По-разному описывая момент формирования научной фантастики, ученые тем не менее согласны, что жанр неразрывно связан с технической и социальной модернизацией в странах Европы (в том числе и в России) и в Америке на рубеже XIX—XX вв. Научная фантастика рассматривается как жанр, который не только отражает становящуюся модерность, но и играет решающую роль в критическом ее осмыслении[9]. Автор недавней книги по историографии научной фантастики «Ударные волны возможностей» Ф. Вегнер, рассуждая о возможностях написания «мировой истории» жанра, предлагает представить его как изначально глобальный культурный проект (охватывающий, как минимум, литературу и кинематограф). Ученый замечает, что научная фантастика возникает на рубеже XIX—XX вв., почти одновременно в разных странах Евразии: Британии, Германии, России, Японии и Швеции. В конце 1920-х гг., по утверждению Вегнера, происходит американизация жанра, его заключение в «гетто» американских дешевых бульварных журналов (pulp magazines). Именно в этот период жанр и получает свое англоязычное название «science fiction», знакомое сейчас читателям по всему миру. С 1950-х гг. с усовершенствованием средств печати научная фантастика из формата журнальных публикаций переходит в книжный формат, что обеспечило ее активную экспансию и возвращение в глобальный культурный контекст[10].

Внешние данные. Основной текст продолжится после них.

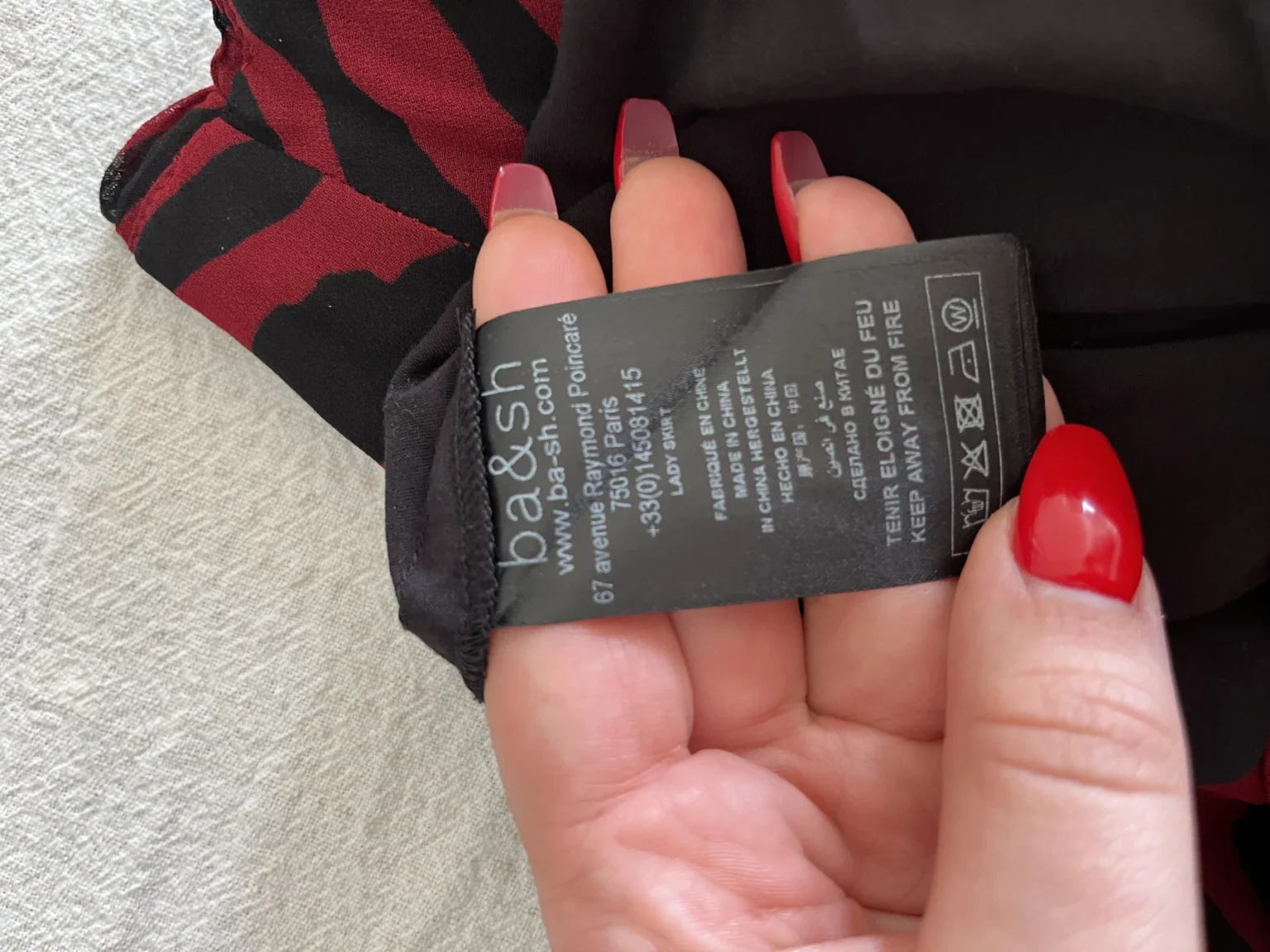 Image for Bash skirt size M black and red zebra pattern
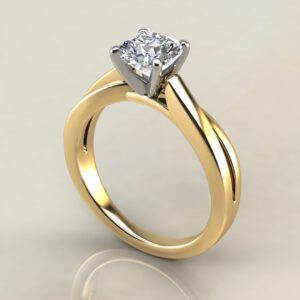 CS028 Yellow Gold Split Twist Solitaire Cushion Cut Engagement Ring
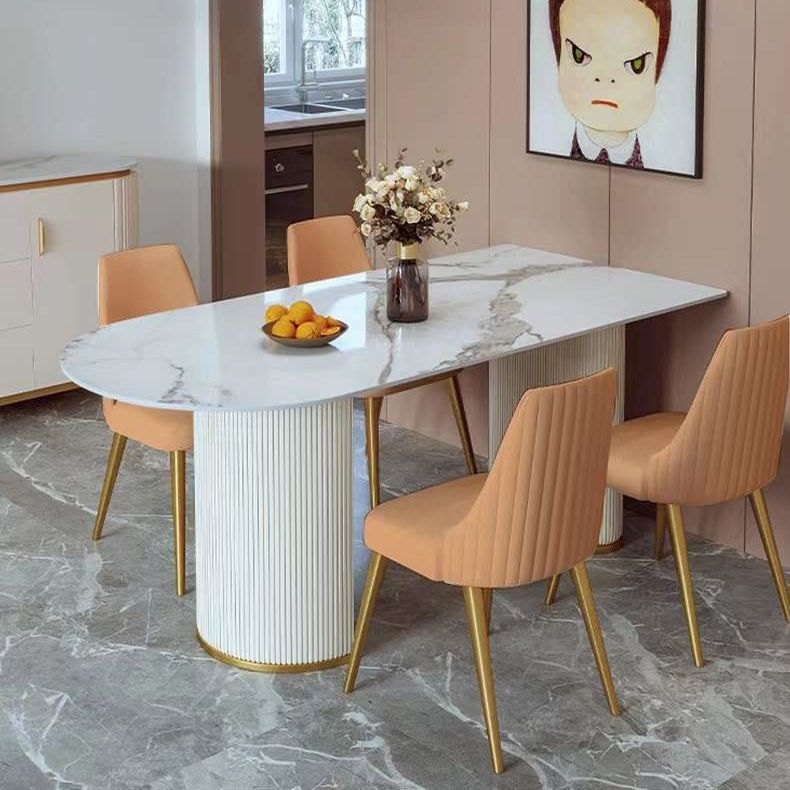 Traditional Luxury Dining Table White Sintered Stone Dining Table for Kitchen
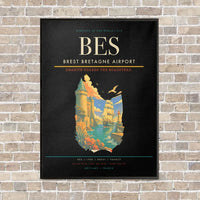 Thumbnail for Brest Bretagne Airport BES - Canvas Framed - Black
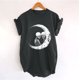 thumbnail image 2 of Camiseta de mujer, camisetas divertidas y bonitas con abertura lateral Vintage, camiseta de manga corta con estampado de letras divertidas, blusa holgada con mangas caídas y hombros descubiertos Pompotops hfajkhk127254, 2 of 9
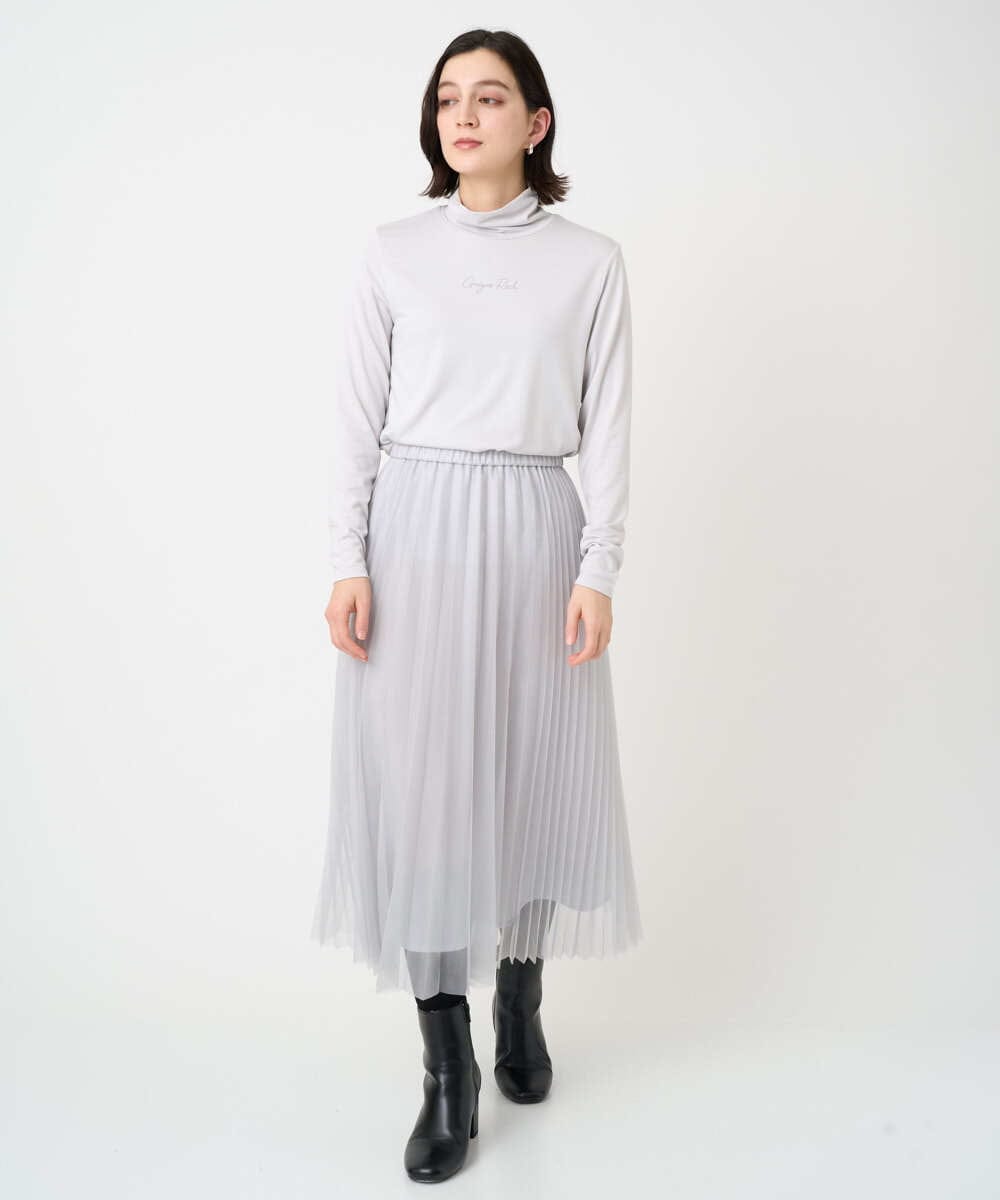 PHKCD63130 GEORGES RECH(小さいサイズ)(メゾン ドゥ サンク) ベアテンジャージーハイネックロゴカットソー ライトグレー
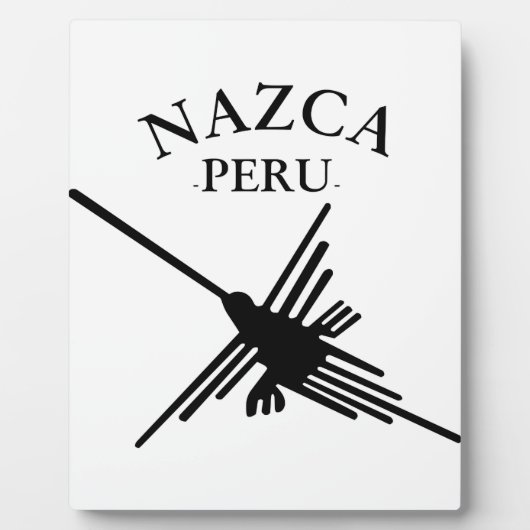 Nazca peru Hummingbird met gebogen tekst Fotoplaat (Voorkant)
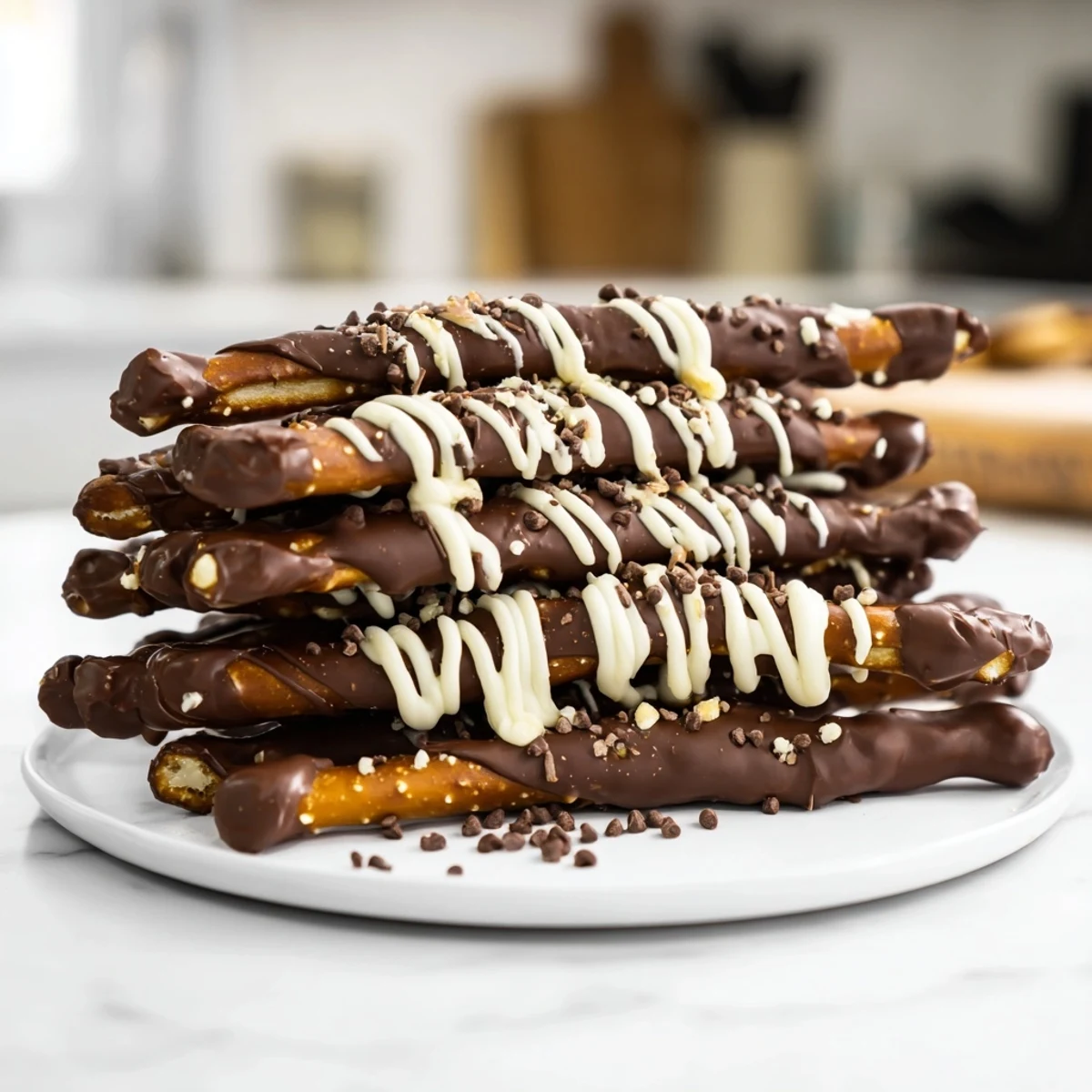 Melted chocolate enrobes crunchy salted pretzel sticks, creating pretty Chocolate Covered Pretzel Stick Stack desserts.
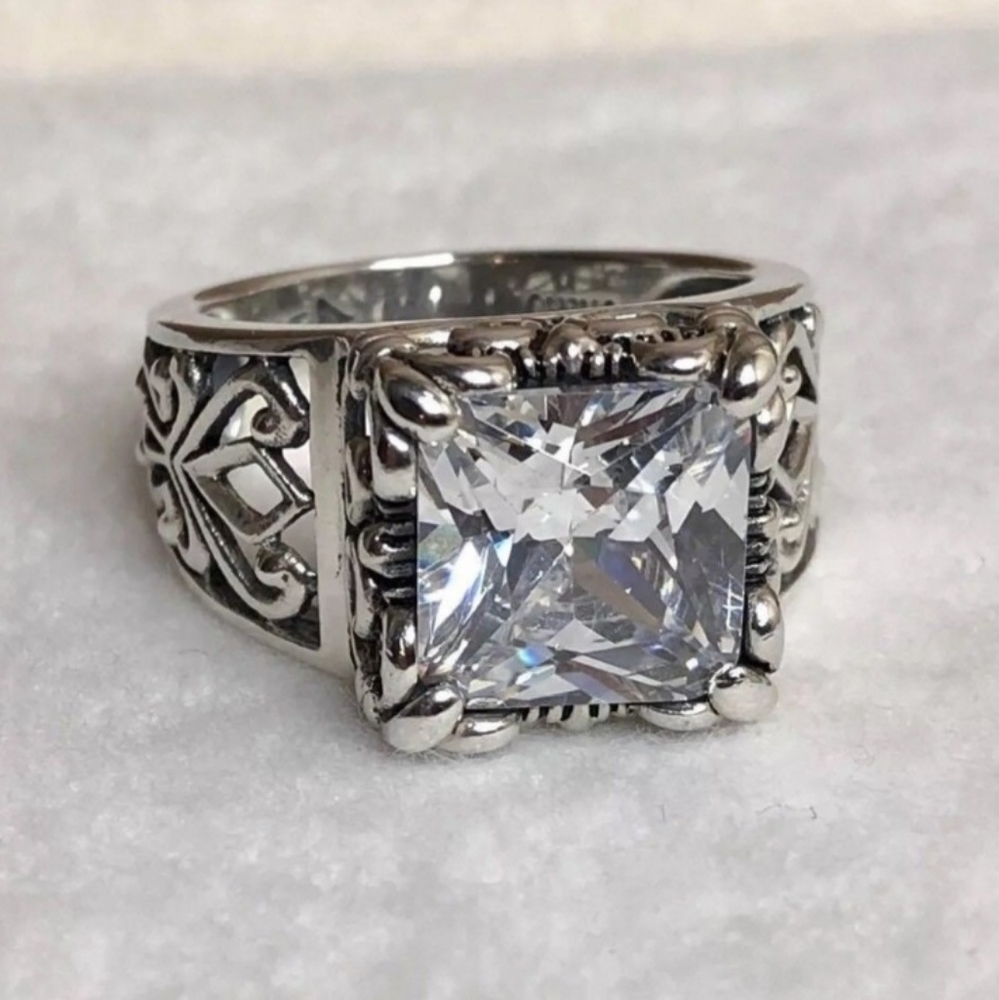 Silpada Sterling Silver Uptown Square CZ Fleur de Lis Ring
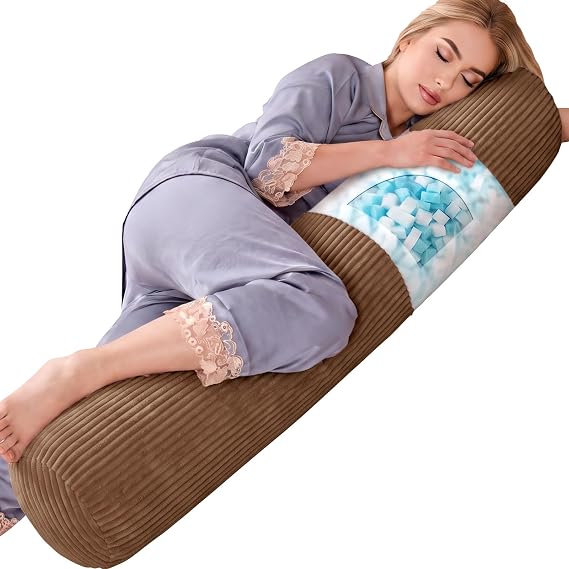 1 MIDDLE ONE Body Pillow, Memory Foam Round Body Pillows for Adults, Firm Long Bolster Pillow for Bed, Cylinder Tube Roll Pillow with Velvet Cover, 47x7.87 Inches (Coffee (Corduroy))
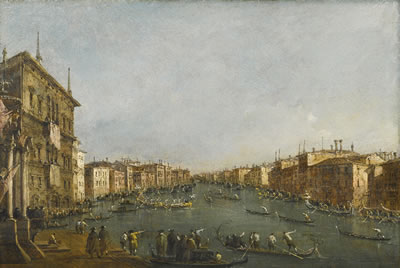 Giacomo Guardi : VENICE, A VIEW OF A REGATTA ON THE GRAND CANAL LOOKING TOWARDS THE RIALTO BRIDGE, WITH THE PALAZZO BALBI TO THE LEFT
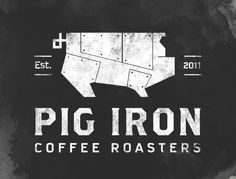 the pig iron coffee roasters logo on a black and white background with an image of a pig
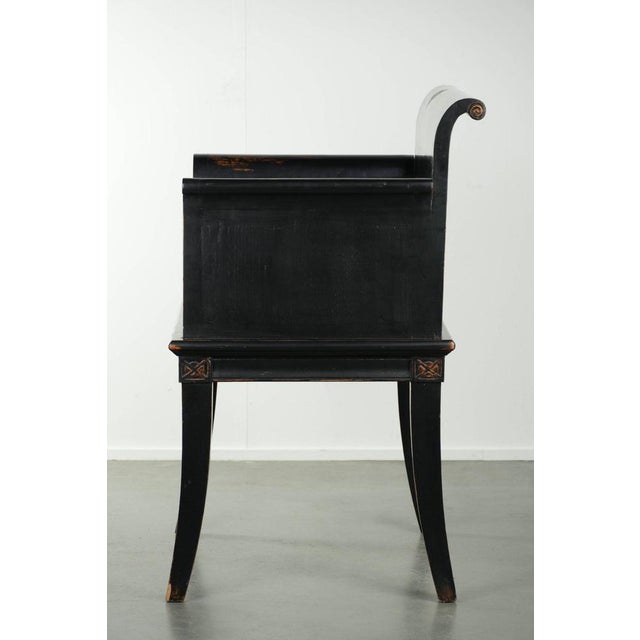 20th Century Asian Style Black Wooden Armchair For Sale - Image 5 of 15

Отличительной особенностью вегнеровского переосмысления истории научной фантастики является стремление избежать проблемы поиска жанровой дефиниции. В последнее время особую актуальность приобретает определение научной фантастики, предложенное писателем и критиком Д. Найтом еще в 1956 г.: термин «научная фантастика» «означает то, на что мы указываем, когда произносим его»[11]. Культурная история научной фантастики выстраивается ретроспективно на основании интуитивного понимания жанра сообществом читателей (в том числе профессиональных) через поиск тематических «рифм» в текстах. К числу активно обсуждаемых в современном фантастоведении «рифм» относятся колониальная и постколониальная политика (рассматриваемая в книге Ридера) и становление западной модерности (рассматриваемое в работе Банерджи) как ключевые факторы формирования научной фантастики.

Избранная Ридером и Банерджи методика выгодно отличается от традиционной исторической поэтики (хотя, безусловно, и многое у нее заимствует): они актуализируют взаимосвязь между формирующимся художественным хронотопом и внешними условиями производства и рецепции текстов.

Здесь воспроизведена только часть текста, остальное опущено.